• _ACTIVITY_
In the listing that follows, the lines starting at the one containing "Poster Chien vintage" and ending at the one containing "All Terrain Foldable" are to be returned exactly, both boundary lines included, and no others.

• _DATA TO PROCESS_
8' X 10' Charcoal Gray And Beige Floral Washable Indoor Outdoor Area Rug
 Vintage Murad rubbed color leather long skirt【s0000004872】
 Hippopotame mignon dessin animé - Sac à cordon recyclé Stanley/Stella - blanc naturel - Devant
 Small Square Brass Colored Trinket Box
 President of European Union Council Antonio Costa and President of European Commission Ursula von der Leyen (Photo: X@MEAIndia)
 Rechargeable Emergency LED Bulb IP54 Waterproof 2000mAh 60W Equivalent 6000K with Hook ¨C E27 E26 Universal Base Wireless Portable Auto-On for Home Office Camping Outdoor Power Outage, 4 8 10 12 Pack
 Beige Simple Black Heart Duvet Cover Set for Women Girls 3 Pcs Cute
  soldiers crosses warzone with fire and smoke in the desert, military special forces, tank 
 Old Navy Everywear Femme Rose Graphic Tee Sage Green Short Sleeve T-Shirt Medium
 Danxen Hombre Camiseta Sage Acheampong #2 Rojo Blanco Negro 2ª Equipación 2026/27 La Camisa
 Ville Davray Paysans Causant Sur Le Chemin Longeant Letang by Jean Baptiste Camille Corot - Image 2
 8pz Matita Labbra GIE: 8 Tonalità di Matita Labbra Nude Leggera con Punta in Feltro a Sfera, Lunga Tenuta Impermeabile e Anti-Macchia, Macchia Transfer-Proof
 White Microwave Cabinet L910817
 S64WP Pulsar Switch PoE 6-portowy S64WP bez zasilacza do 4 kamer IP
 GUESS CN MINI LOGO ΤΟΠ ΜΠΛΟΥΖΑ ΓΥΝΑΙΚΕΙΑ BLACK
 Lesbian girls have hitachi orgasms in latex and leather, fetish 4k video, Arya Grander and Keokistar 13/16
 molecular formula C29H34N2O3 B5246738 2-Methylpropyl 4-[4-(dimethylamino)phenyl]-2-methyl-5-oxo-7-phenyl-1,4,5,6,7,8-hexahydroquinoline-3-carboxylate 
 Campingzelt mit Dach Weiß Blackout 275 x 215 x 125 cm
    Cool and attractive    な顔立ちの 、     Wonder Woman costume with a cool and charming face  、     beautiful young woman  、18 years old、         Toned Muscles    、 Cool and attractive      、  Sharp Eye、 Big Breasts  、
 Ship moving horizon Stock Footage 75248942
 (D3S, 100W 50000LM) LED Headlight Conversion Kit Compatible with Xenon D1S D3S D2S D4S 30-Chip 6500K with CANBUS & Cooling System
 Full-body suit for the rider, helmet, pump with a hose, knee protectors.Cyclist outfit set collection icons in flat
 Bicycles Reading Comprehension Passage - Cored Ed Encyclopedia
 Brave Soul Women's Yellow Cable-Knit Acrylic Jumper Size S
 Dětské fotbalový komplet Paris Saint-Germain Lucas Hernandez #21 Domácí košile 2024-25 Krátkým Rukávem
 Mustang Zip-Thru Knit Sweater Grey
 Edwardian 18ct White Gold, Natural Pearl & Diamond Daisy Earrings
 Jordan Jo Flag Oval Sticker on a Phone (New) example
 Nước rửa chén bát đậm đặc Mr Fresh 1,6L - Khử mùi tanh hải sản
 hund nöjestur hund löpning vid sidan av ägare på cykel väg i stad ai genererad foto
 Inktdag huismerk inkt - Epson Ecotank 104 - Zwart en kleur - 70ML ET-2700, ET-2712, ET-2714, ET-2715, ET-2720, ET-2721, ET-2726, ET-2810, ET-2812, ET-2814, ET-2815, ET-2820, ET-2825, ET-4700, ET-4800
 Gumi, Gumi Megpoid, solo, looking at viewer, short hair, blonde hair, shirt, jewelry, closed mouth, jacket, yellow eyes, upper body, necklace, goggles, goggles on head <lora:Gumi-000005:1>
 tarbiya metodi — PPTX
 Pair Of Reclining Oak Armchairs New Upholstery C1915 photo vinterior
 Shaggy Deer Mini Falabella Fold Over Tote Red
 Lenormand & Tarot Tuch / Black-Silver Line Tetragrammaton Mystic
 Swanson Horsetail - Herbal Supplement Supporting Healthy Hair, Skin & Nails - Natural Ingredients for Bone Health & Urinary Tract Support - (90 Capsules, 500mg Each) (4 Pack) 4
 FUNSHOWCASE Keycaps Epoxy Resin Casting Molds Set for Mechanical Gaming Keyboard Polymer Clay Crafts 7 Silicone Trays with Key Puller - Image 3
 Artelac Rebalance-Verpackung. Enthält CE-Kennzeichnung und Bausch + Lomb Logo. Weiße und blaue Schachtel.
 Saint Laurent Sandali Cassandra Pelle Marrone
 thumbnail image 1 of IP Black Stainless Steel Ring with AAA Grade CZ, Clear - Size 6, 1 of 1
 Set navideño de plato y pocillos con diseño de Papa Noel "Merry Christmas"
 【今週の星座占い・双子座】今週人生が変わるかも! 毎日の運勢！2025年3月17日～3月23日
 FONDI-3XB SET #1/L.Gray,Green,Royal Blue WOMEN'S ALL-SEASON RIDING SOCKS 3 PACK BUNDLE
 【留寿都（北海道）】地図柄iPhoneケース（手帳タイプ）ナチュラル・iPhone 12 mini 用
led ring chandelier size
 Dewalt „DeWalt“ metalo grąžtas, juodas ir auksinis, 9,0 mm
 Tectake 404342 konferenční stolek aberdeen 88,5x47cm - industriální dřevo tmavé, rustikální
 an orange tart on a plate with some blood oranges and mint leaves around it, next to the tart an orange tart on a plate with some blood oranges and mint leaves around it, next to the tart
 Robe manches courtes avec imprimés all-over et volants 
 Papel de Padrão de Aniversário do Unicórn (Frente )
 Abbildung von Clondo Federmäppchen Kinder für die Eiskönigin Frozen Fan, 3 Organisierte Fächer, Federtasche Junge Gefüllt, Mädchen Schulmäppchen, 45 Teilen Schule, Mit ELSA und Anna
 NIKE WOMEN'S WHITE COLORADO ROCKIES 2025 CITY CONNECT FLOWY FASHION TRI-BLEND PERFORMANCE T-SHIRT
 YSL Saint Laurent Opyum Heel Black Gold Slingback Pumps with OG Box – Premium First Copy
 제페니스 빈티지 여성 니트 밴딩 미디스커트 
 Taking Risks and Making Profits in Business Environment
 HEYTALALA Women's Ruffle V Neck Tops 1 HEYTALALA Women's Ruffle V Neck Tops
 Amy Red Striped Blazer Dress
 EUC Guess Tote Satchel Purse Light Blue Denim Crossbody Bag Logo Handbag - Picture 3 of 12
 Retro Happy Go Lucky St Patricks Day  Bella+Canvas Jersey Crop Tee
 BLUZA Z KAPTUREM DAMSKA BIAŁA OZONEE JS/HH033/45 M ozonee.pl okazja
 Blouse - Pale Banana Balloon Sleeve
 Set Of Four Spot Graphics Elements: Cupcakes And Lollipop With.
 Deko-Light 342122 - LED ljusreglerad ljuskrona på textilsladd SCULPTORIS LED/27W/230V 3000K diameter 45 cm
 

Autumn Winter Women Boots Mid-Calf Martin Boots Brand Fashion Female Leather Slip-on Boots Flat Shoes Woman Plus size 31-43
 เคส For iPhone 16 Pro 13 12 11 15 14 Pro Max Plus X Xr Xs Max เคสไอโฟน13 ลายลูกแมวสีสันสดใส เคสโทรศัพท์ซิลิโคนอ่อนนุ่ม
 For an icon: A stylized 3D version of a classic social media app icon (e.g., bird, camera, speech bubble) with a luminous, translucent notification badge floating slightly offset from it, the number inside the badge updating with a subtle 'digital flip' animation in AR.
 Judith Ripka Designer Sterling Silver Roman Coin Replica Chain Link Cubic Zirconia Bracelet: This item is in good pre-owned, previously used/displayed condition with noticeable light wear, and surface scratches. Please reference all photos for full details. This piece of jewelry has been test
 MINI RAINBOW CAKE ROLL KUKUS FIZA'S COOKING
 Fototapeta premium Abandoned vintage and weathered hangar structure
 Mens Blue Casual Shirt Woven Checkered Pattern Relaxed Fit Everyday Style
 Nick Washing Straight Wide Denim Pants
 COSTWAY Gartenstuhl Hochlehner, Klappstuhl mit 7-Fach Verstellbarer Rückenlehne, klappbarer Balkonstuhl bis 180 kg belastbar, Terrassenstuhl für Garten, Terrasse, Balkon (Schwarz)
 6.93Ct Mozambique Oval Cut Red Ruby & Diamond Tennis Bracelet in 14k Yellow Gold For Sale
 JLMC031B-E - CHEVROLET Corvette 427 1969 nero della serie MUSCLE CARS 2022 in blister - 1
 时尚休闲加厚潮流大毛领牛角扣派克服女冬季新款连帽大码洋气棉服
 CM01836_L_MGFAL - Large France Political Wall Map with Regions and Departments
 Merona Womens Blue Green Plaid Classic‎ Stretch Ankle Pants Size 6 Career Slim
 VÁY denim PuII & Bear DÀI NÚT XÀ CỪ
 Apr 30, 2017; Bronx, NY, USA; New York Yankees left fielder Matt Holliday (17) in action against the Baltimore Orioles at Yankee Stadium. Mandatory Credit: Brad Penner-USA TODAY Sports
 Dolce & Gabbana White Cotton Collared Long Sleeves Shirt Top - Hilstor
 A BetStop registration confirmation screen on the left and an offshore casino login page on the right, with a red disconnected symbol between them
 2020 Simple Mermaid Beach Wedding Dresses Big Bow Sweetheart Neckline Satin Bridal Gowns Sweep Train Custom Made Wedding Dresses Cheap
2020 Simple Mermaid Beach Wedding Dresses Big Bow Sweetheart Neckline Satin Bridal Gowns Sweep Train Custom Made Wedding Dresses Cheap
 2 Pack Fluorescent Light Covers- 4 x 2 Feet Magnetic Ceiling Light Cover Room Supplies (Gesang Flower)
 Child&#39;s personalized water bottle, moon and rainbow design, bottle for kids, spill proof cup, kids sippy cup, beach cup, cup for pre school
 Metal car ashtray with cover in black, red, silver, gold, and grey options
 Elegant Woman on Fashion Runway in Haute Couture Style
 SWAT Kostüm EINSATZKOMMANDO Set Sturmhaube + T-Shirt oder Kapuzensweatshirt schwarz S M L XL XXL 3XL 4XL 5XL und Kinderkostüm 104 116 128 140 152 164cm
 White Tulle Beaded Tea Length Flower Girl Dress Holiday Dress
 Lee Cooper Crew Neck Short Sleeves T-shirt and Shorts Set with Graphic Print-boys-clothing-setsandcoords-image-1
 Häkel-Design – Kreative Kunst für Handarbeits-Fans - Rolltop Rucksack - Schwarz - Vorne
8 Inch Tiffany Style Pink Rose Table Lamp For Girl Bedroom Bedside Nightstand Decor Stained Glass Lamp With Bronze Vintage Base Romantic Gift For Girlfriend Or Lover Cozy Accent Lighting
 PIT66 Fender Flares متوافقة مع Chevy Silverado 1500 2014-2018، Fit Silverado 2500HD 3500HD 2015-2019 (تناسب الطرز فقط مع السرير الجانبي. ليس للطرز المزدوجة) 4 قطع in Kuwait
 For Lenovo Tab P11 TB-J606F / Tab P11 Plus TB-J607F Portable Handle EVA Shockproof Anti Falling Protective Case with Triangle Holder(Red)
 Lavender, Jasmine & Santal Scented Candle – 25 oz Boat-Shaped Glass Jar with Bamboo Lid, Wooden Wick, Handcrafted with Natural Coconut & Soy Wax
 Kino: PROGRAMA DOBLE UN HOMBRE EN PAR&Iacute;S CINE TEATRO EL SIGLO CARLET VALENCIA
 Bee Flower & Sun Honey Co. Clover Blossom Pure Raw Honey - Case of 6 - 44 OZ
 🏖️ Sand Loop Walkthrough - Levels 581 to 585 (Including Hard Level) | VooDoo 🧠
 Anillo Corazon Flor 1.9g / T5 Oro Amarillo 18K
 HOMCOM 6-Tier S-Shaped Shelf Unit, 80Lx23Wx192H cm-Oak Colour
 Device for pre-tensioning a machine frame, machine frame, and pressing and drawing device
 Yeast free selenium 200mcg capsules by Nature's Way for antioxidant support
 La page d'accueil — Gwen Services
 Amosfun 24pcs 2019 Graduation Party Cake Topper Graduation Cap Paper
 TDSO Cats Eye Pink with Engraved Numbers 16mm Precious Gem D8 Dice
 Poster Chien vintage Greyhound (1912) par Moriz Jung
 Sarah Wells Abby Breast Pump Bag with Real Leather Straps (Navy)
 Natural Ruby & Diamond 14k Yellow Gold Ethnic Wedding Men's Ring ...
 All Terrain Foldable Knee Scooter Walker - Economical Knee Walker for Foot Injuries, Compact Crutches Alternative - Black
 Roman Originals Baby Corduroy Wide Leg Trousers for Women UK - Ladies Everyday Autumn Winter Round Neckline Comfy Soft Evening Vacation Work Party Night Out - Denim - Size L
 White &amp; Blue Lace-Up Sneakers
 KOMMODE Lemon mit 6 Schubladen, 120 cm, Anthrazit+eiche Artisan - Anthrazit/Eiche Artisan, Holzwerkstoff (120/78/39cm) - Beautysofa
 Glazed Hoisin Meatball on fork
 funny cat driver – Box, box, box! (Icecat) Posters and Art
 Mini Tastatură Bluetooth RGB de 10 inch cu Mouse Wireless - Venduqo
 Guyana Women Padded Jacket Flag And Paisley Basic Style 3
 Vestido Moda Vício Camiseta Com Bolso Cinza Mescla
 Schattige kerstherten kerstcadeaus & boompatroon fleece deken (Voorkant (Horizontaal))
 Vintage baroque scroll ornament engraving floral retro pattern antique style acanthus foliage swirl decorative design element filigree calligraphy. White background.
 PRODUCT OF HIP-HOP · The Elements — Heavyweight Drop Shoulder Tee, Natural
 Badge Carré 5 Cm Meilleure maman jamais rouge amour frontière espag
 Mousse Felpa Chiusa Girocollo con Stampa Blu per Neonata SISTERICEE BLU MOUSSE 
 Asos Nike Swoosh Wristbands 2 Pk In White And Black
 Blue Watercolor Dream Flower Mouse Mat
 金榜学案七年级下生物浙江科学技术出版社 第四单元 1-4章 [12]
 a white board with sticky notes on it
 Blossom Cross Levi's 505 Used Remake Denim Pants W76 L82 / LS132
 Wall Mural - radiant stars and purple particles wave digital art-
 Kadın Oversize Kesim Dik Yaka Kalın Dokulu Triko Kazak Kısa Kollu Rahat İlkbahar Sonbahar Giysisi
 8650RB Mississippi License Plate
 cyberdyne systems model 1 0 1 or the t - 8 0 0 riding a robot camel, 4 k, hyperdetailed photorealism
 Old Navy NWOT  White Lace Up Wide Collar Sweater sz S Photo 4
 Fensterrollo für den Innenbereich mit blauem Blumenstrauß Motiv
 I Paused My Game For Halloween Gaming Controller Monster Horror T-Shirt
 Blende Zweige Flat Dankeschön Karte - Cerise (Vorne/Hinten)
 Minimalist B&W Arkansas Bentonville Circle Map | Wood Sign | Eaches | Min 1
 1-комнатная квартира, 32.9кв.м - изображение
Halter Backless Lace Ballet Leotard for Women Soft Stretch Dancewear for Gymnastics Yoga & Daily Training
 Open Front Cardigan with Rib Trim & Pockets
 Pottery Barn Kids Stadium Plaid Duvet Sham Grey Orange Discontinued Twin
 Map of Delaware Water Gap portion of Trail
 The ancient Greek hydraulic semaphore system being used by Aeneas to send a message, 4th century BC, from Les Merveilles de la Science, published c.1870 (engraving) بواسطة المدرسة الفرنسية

• _SOLUTION TO THIS TASK_
 Poster Chien vintage Greyhound (1912) par Moriz Jung
 Sarah Wells Abby Breast Pump Bag with Real Leather Straps (Navy)
 Natural Ruby & Diamond 14k Yellow Gold Ethnic Wedding Men's Ring ...
 All Terrain Foldable Knee Scooter Walker - Economical Knee Walker for Foot Injuries, Compact Crutches Alternative - Black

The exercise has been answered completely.